I admit that I gave myself a shock when I headed out to photograph the Tiger’s Jaw (Faucaria tigrinia) plants which were opening their faces to the sun. It wasn’t until I lined up the photo that I realised I had planted them in a row at the front of that particular garden border. There was a good reason. They are very low growing and will rot out if larger plants flop over them. But a row! I shocked myself. It may just be the only edging row you will find our garden outside of the vegetable patch (excluding proper hedges) but we are in a minority among New Zealand gardens. Pretty much every one I go into these days is defined by the use of edging plants.

Consider grouping the plants, darlings, rather than planting them in single file. You may even like the different effect.

First published in the Waikato Times and reprinted here with their permission.

Garden lore

“A honeybee would have to fly around 100,000 kilometres and visit over a million flowers to find the nectar to make two kilos of honey. As it happens, they can only manage about 800 kilometres before they exhaust themselves and die.”

Niall Edworthy, The Curious Gardener’s Almanac (2006).

Green crops
It is your very last call for sowing green crops if they are to be of any value this winter. Green crops are a time honoured method of conditioning soils. They are a particularly useful tool on heavy soils. These can compact badly when left bare through a sodden winter and then turn to concrete when they dry out again. The roots penetrate the soil and keep it open, making it easier to work when it is time to dig again.

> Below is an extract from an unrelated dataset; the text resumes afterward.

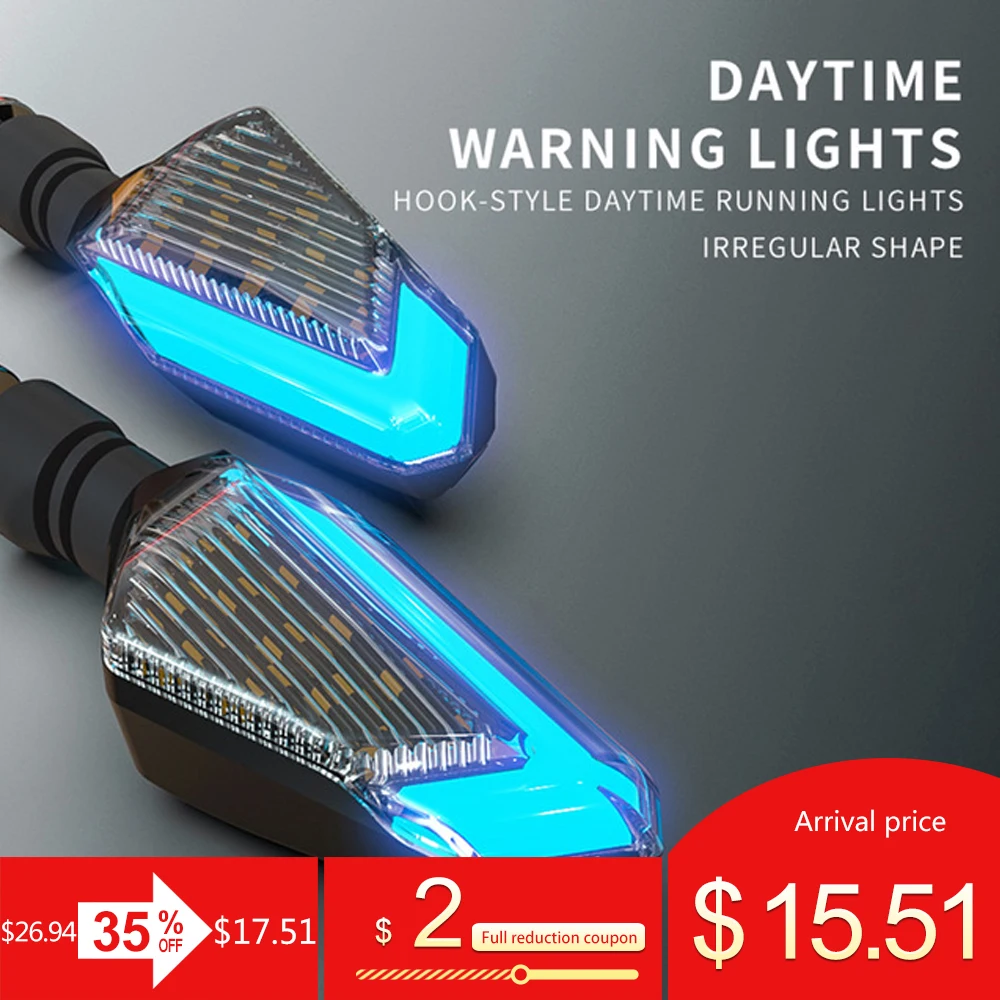 

2Pcs Seineca Motorcycle LED Turn Signal lights for BMW S1000XR Suzuki Hayabusa Dl650 Honda MSX 125 Yamaha R15 Kawasaki
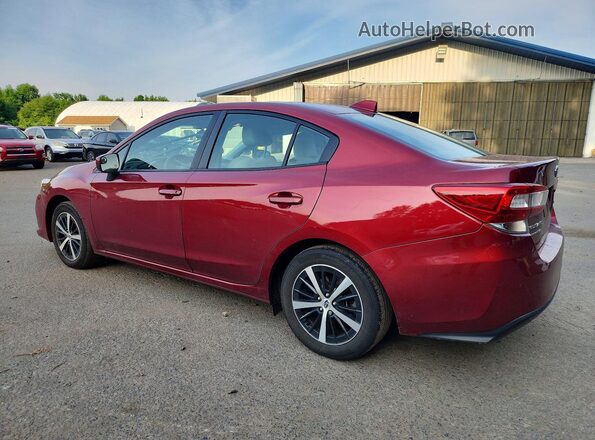 4S3GKAV6XL3602239 2020 SUBARU IMPREZA Красный Задняя левая четверть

Green crops also slow the leaching effect of winter rains. They take up nutrients which would otherwise be washed away and release these nutrients in the spring when dug in to the soil. Think of them like a nutrient bank.

Recommended practice is to dig in green crops two to three weeks before you start replanting in spring – which means about the beginning of October. If you are not using all your vegetable garden in winter, green crops also look a great deal tidier than a forest of weeds and seedlings. Logic says that forest of weeds will also act as a green crop but you only get the full benefit if you dig the entire plant in later and you don’t want to be digging weeds with seed heads already formed into your ground.

Lupins and mustard are other winter options. Lupin is good for adding nitrogen. Mustard is reputed to kill undesirable nematodes by a form of natural sterilisation. Oats are the quickest growing option and will germinate the fastest. At this late stage, they are probably the best choice.